=== SUPPLIED ENTRIES ===
◆ ◆ ◆
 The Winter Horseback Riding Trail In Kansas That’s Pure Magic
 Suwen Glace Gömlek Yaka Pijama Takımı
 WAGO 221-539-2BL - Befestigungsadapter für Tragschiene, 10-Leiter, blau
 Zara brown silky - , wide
◆ ◆ ◆
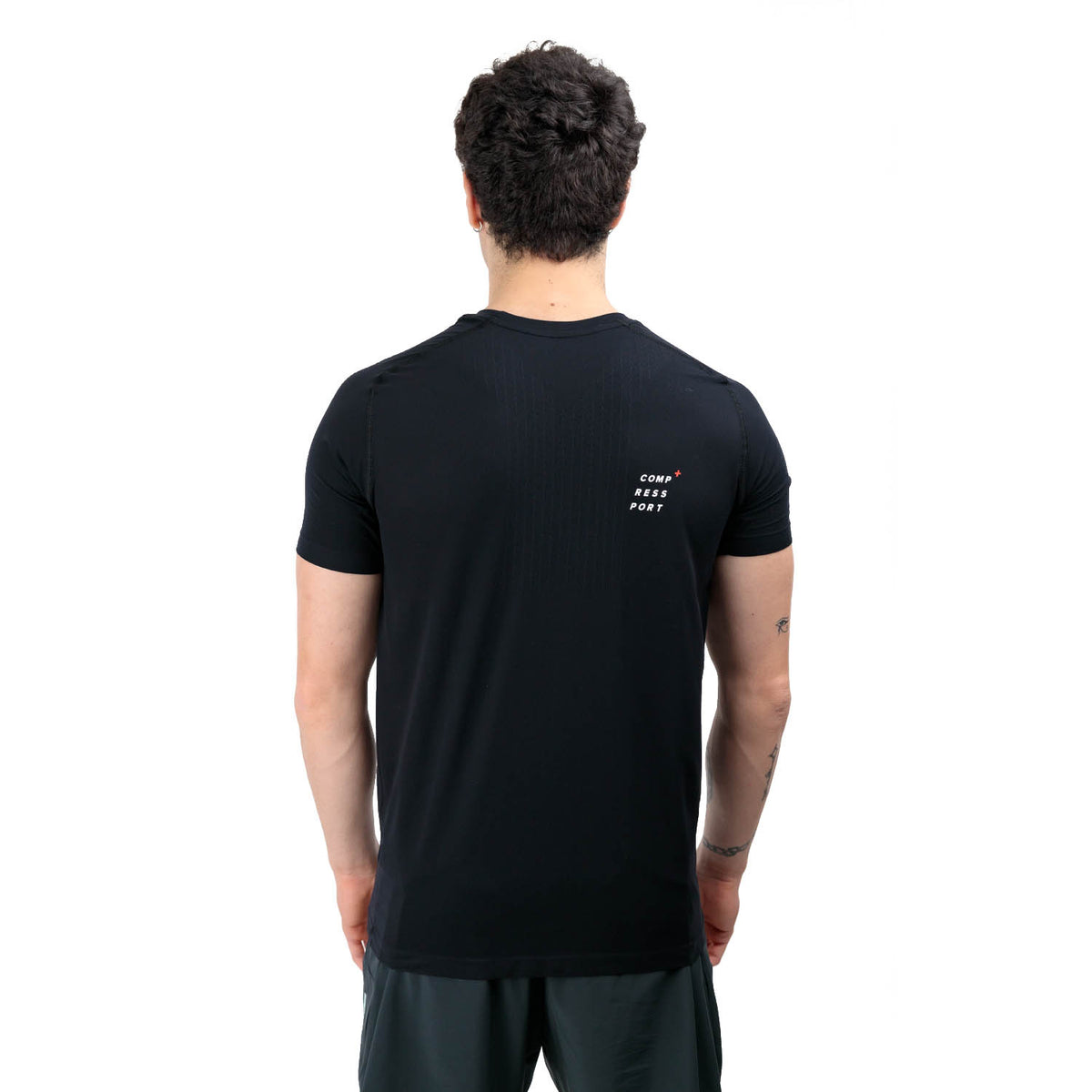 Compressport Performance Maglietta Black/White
◆ ◆ ◆
=== WHAT TO PRODUCE ===
Set down, unchanged, only those lines above that fall between the line with "The Winter Horseback" and the line with "Zara brown silky - , wide", the two end lines included.

=== SOLUTION FOR THIS TASK ===
 The Winter Horseback Riding Trail In Kansas That’s Pure Magic
 Suwen Glace Gömlek Yaka Pijama Takımı
 WAGO 221-539-2BL - Befestigungsadapter für Tragschiene, 10-Leiter, blau
 Zara brown silky - , wide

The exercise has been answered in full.